[Data under study]

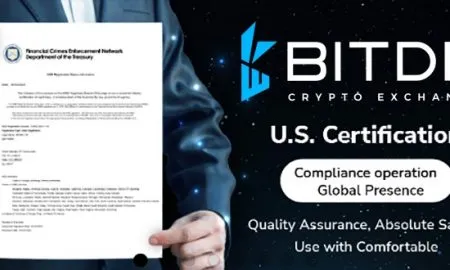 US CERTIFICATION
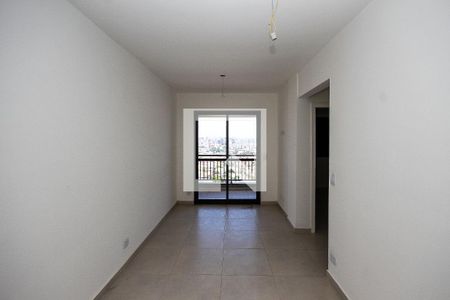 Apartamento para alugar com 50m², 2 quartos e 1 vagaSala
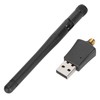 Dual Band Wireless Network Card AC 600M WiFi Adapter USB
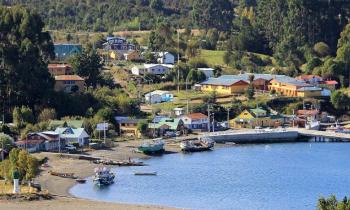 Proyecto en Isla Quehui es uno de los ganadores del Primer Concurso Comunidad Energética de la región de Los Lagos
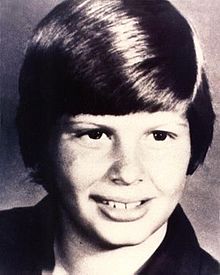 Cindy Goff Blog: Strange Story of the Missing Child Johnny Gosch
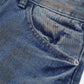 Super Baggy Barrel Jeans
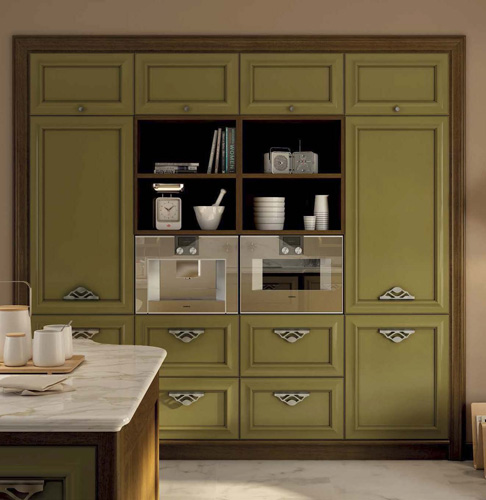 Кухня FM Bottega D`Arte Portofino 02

[/Data under study]
[Data under study]

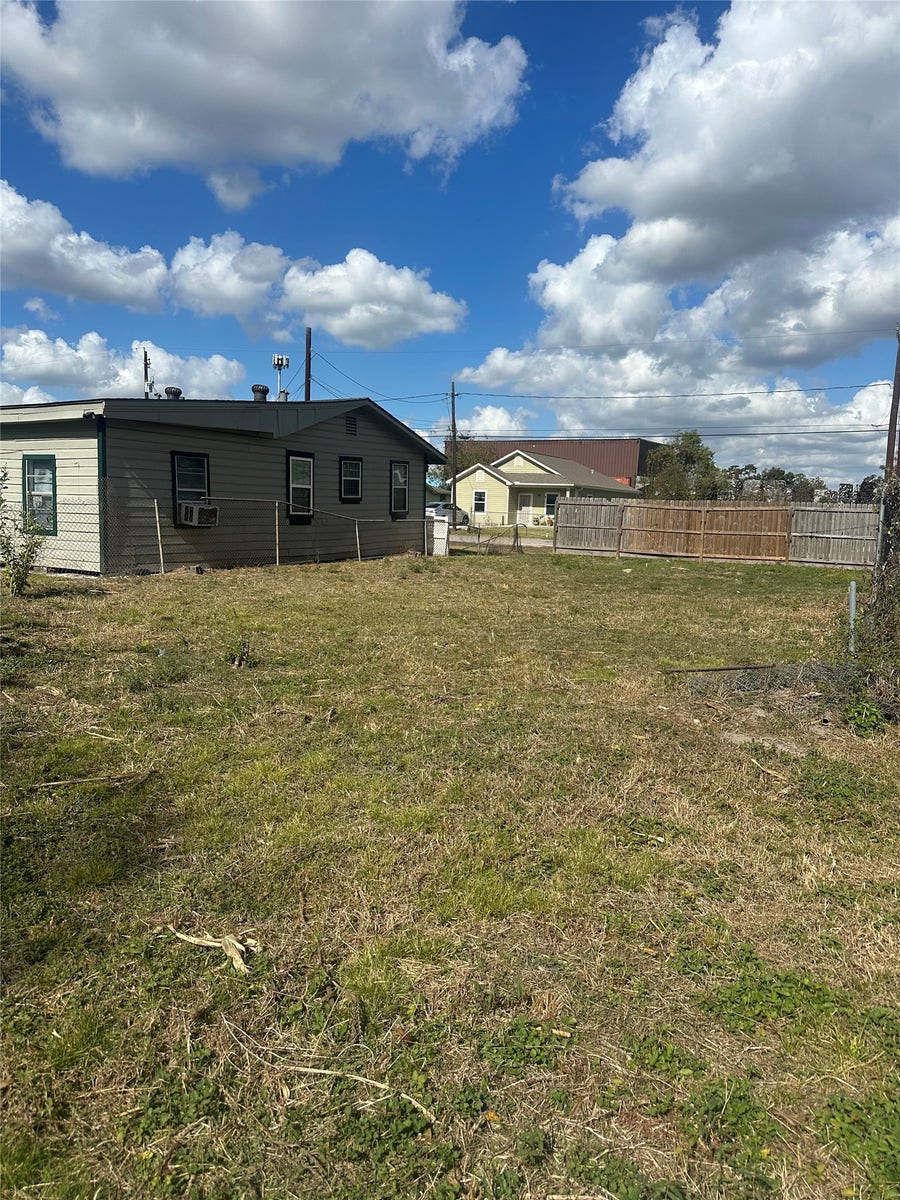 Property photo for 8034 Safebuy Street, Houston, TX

[/Data under study]
[Data under study]

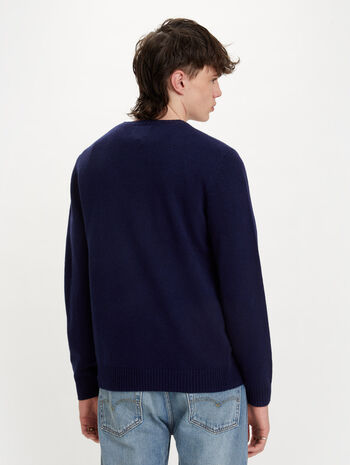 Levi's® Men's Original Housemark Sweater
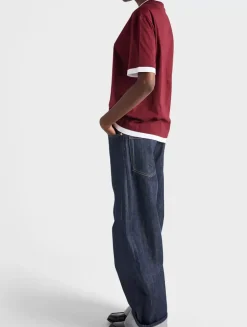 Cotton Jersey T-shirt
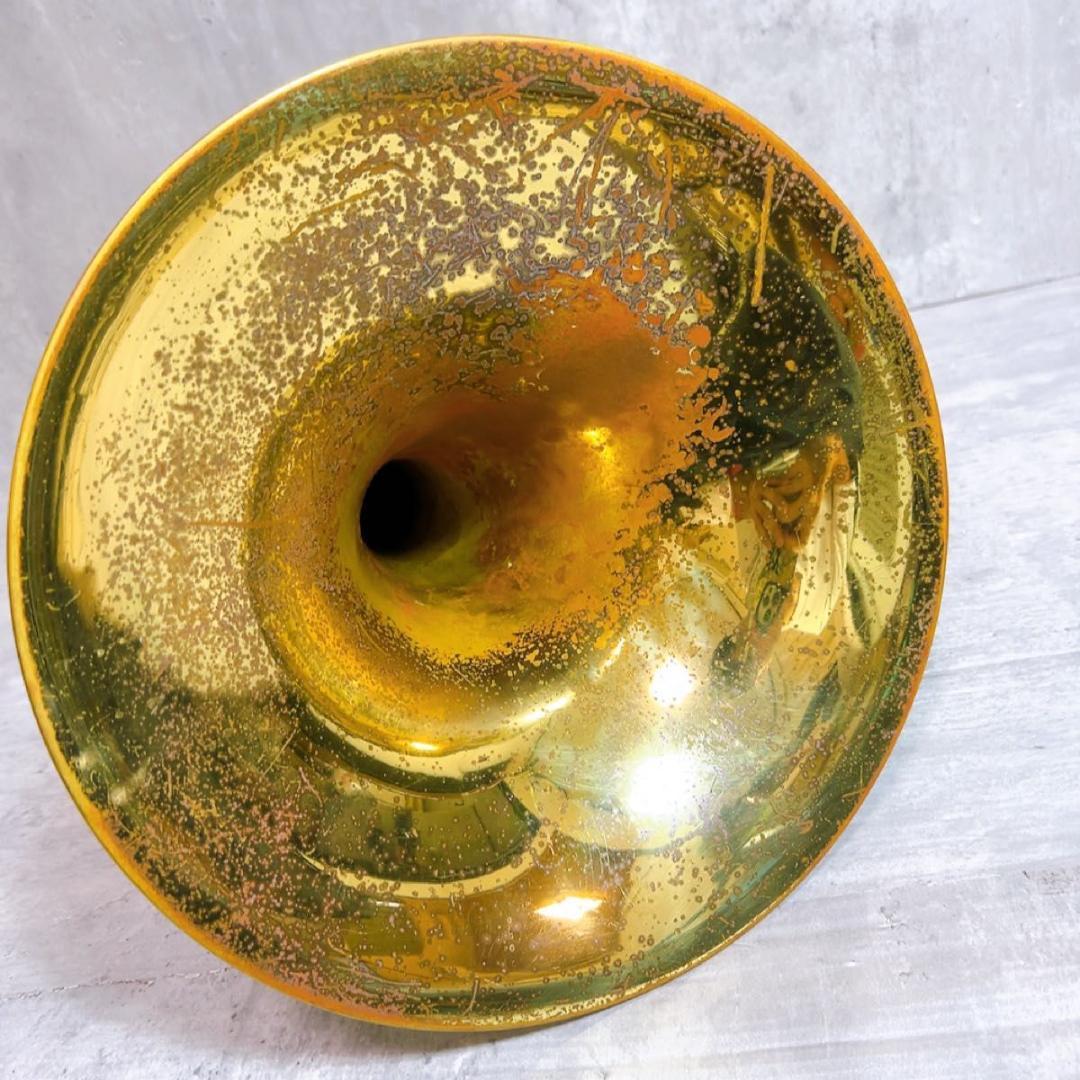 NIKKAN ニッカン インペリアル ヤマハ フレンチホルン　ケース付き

[/Data under study]

Given the listing above, retype only the span of lines from the line with "US CERTIFICATION" up to and including the line with "Cindy Goff Blog: Strange", exactly as it stands and without pictures.

Solution to this problem:
 US CERTIFICATION
 Apartamento para alugar com 50m², 2 quartos e 1 vagaSala
 Dual Band Wireless Network Card AC 600M WiFi Adapter USB
 Proyecto en Isla Quehui es uno de los ganadores del Primer Concurso Comunidad Energética de la región de Los Lagos
 Cindy Goff Blog: Strange Story of the Missing Child Johnny Gosch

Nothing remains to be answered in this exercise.